On the relation between solution of random least squares and expected least squares with constraints

Question

Let $v\in \mathbb{R}^d$ be a random vector such that $\mathbb{E}v = y$, and $X$ be a given $\mathbb{R}^{d\times d}$ real fixed matrix. We assume that the following optimization problem has a unique solution $w^\star$: $$\min_{w\in \mathcal{C}}f(w):=\sum_{i=1}^d |y_i-(Xw)_i|^2$$ where $\mathcal{C}$ might be a convex or a nonconvex subset of $\mathbb{R}^d$.

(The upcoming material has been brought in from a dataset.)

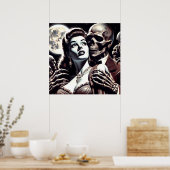 griezelige horrorvrouw poster (Keuken)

Now, let us consider $\hat{w}$ be the (probably unique) solution to the following optimization problem: $$\min_{w\in \mathcal{C}}\hat{f}(w)=\sum_{i=1}^d |v_i-(Xw)_i|^2.$$ Clearly, if $\mathcal{C}=\mathbb{R}^d$, and $X$ is invertible, we have $\mathbb{E}\hat{w}=w^\star$. However,

What happens when $\mathcal{C}$ is a proper subset of $\mathbb{R}^d$? Specifically, is there any concentration result available of the following form? $$\mathbb{P}\bigg(\left\|\hat{w}-w^\star\right\|>t\bigg)<?,\ t>0.$$

The question really is how does the set $\mathcal{C}$ affects the solution $\hat{w}$. Any pointers to the literature is much appreciated. Thanks in advance.

Answer 1

$\newcommand\C{\mathcal C}$If $\C$ is convex, then the projection onto the convex set $X\C$ is uniquely defined and, moreover, $1$-Lipschitz, so that $\|X\hat w-Xw^\ast\|\le\|v-Ev\|$ and hence $\|\hat w-w^\ast\|\le\|X^{-1}\|\|v-Ev\|$. So, for instance, $$P(\|\hat w-w^\ast\|\ge t)\le\|X^{-1}\|^2\frac{E\|v-Ev\|^2}{t^2}$$ for real $t>0$.

If $\C$ is not convex, then the projection onto the convex set $X\C$ is in general not uniquely defined and is discontinuous, so that in that case no concentration result is possible.